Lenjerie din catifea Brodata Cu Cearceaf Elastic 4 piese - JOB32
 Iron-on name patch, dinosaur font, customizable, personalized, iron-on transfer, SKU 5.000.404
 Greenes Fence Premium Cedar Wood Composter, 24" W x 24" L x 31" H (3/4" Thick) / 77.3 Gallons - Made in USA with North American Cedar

--

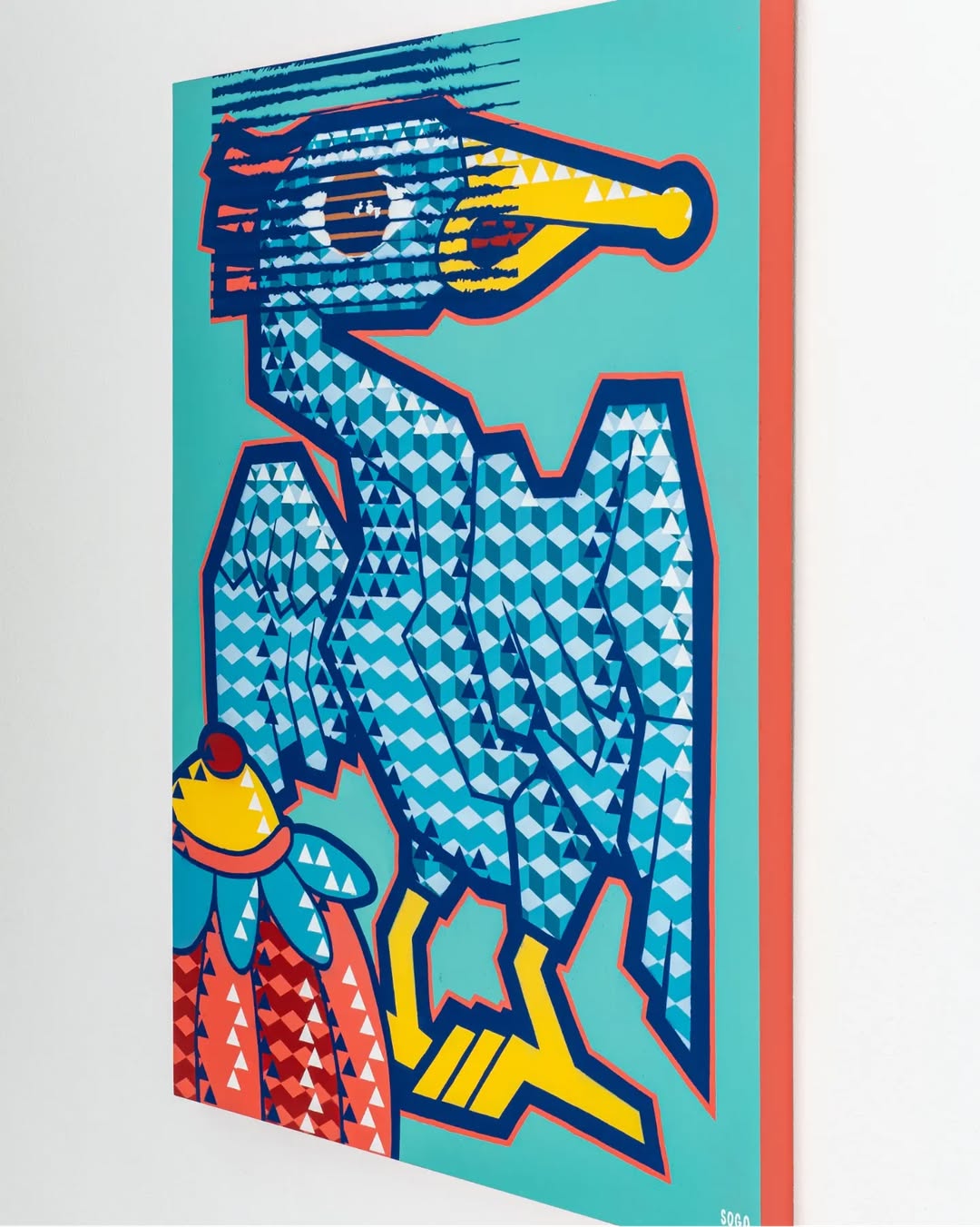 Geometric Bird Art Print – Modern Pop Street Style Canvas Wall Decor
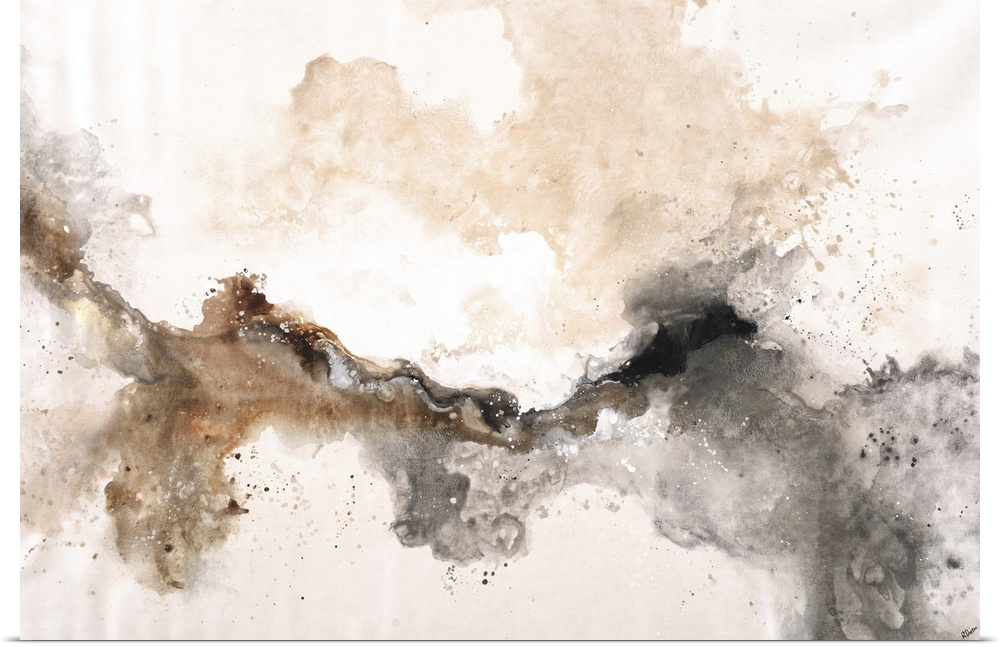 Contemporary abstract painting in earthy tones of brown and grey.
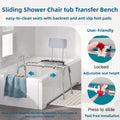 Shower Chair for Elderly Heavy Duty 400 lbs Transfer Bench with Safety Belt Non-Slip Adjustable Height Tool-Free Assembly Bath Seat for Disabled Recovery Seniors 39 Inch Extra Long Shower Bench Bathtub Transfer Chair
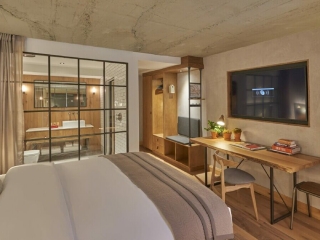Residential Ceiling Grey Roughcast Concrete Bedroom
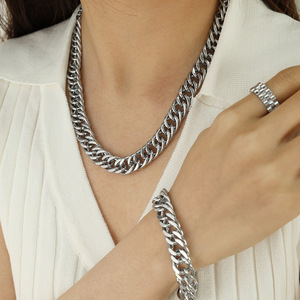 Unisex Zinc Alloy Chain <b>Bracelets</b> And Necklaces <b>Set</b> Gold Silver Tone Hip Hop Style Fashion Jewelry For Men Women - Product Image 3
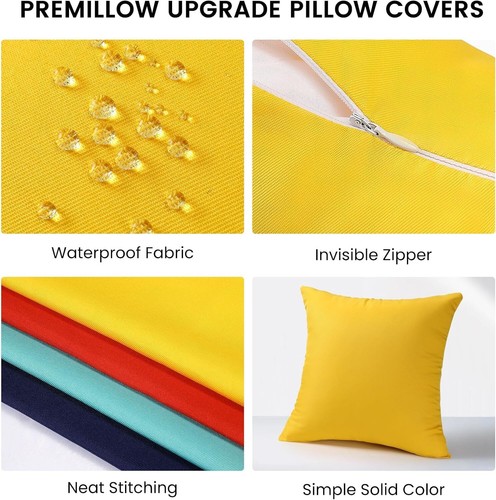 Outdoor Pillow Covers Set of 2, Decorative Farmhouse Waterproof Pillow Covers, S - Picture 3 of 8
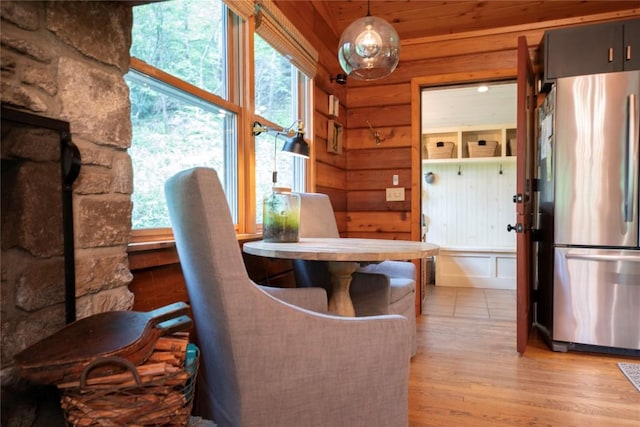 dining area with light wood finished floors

▶ **Task directions**
Using the records above, write out exactly the lines between the one holding "Lenjerie din catifea" and the one holding "Greenes Fence Premium", inclusive; leave everything else out.

▶ **Result for this exercise**
Lenjerie din catifea Brodata Cu Cearceaf Elastic 4 piese - JOB32
 Iron-on name patch, dinosaur font, customizable, personalized, iron-on transfer, SKU 5.000.404
 Greenes Fence Premium Cedar Wood Composter, 24" W x 24" L x 31" H (3/4" Thick) / 77.3 Gallons - Made in USA with North American Cedar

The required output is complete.